The OIP should have provided legal guidance on the laws that would have better been applied to their request. They didn’t do that. Instead, the OIP opted against putting an illegal denial of access ‘on the record,’ and they shirked their duty to give this person proper guidance and a proper decision. Then they used this opportunity to post this memo while basically mocking the requester. The OIP staff attorney that handled this request could have told this person that there are three more appropriate laws that might apply to their request and they didn’t.
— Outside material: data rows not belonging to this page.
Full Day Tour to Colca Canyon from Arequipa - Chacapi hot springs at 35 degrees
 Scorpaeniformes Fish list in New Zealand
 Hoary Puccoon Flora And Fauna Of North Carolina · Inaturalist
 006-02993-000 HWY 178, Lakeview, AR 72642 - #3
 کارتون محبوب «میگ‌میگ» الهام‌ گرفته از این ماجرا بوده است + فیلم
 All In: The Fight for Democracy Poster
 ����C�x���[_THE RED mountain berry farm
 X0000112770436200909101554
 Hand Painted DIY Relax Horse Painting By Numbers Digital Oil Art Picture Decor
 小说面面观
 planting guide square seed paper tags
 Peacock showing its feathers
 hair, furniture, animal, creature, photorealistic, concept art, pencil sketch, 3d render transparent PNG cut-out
Instead, they led this person to believe the OIP was officially upholding the HDOH decision denying them access because the law that the requester cited did not require disclosure.
The OIP is responsible for knowing the laws of the UIPA, not the public. The OIP should be serving the public with their knowledge of the law – not perverting their duties and turning the law against the public, at whim, and for what looks to be political purposes! The OIP has capitalized on the public’s lack of legal knowledge in order to deny them their rights to an appeal with their agency and they have ‘protected’ Obama’s vital records from being legally disclosed.
*ahem* Now, let’s push on to the good news….because, in fact, there is amazing news.
To Linden Joesting, With Love
Before you let this story knock the wind completely out of your sails, let me tell you about the precious gift of honesty that We, the People, were given by former Staff Attorney from the OIP, Linden Joesting. All is not lost. Because of her gift, we may just have the last say–even if we have to compromise on the goal. While there is plenty of standing and cause to file a lawsuit against the state of Hawaii, who has the financial resources? Not me. Even if travel and litigation expenses were recompensed upon prevailing in a judicial appeal, who has the money upfront to fight this? I certainly don’t.
Believe me, the OIP and HDOH are counting on this kind of financial intimidation to protect them from any liability.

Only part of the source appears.